KAROMAH ITU NYANYIAN HIBURAN DARI ALLAH


Apa yang menjadi dasar dari ajaran tasawuf itu?
Seluruh kandungan al-Qur’an adalah dasar tasawuf itu sendiri. Hanya saja tidak disebut secara tekstual atau eksplisit. Imam Malik pernah berkata, “Man tashowwafa walam yatafaqqoh faqod tazandaqo. Waman tafaqqoha walam yatashowwuf faqod tafassaqo.” Artinya, “Siapa yang bertasawuf tapi tidak bersyari’at, itu zindiq. Siapa yang bersyari’at tapi tidak bertasawuf, itu fasiq.”
Jadi, kalau ada yang pro dan kontra mengenai tasawuf, apa yang perlu diperdebatkan? Sedangkan instisari dari ajaran tasawuf adalah ittiba’ rasul – mengikuti jejak nabi. Wahyu pertama turun yang berbunyi Iqra’ itu tentang tasawuf, tentang thariqat.
Ketika Jibril menyampaikan dan meminta nabi untuk Iqra’ (bacalah), nabi hanya diam dan masih bingung karena tak bisa membaca.
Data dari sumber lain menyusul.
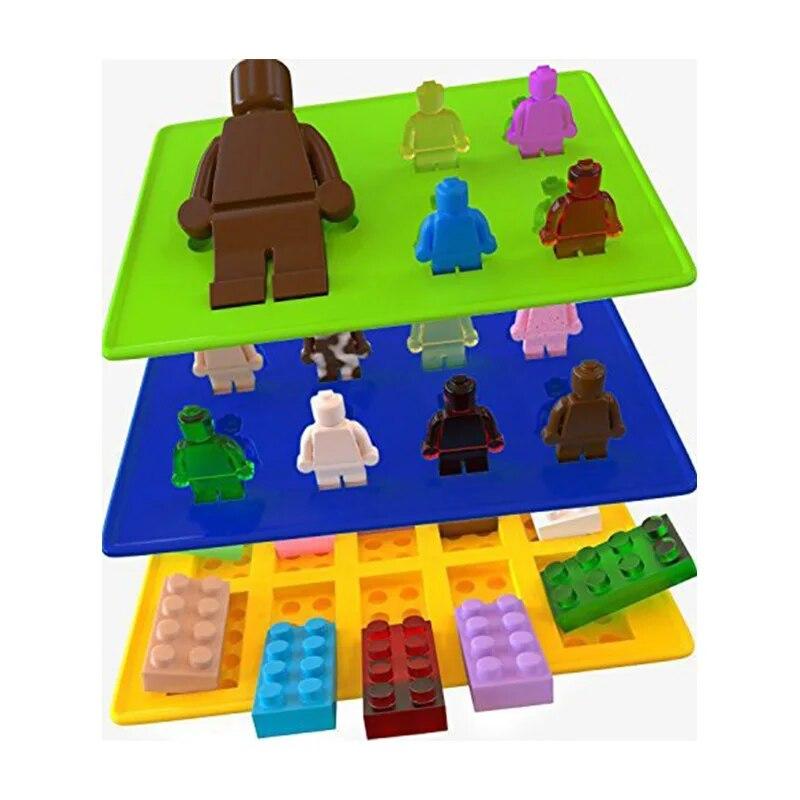 Lego Silicone Ice Cube, набор из 3 предметов, шоколадное желе, форма для торта «Злодей», безопасная и безвредная форма для кубиков льда Lego Creative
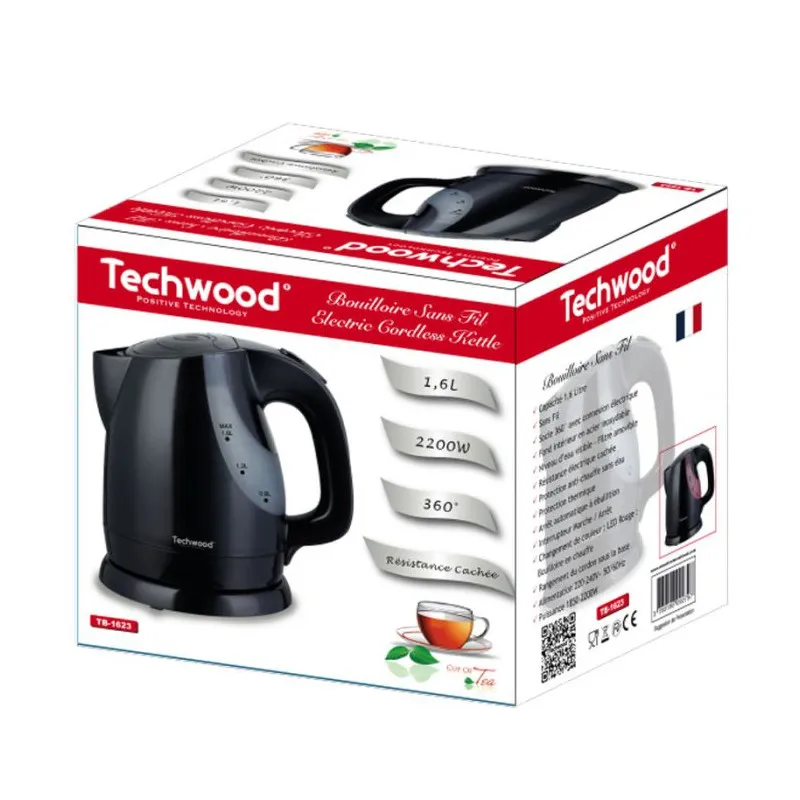 BOUILLOIRE SANS FIL TECHWOOD TB-1623 1.6 L / NOIR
Tapi saat Jibril meneruskan membaca ayat dengan Iqra’ bismirabbika (Bacalah dengan nama Tuhanmu), pada saat itulah bunyi zikir dengan lafadz Allah gemuruh dalam tubuh nabi hingga gemetar. Sebab, secara lahir batin, pori-porinya semua berzikir. Itu semua ajaran thariqat.
Apakah dalam bertasawuf, kita harus masuk dalam sebuah thariqat tertentu?
Islam itu ilmunya namanya syari’at atau fiqh. Iman itu ilmunya namanya aqidah atau tauhid. Ihsan itu ilmunya namanya tasawuf. Pelaksanaan amaliyahnya namanya thariqat. Sedangkan dalam thariqat ada dzikir thariqat yang bersambung sanadnya sampai Rasulullah Saw, dari Allah Rabbul ‘Izzah.
Jika kita ingin mendalami ilmunya saja, tanpa berthariqat ibarat kita belajar ilmu pertanian tanpa pernah menanam pohonnya. Padahal kita butuh buahnya. Buah dari pohon itulah hakikat dan kema’arifatan kita.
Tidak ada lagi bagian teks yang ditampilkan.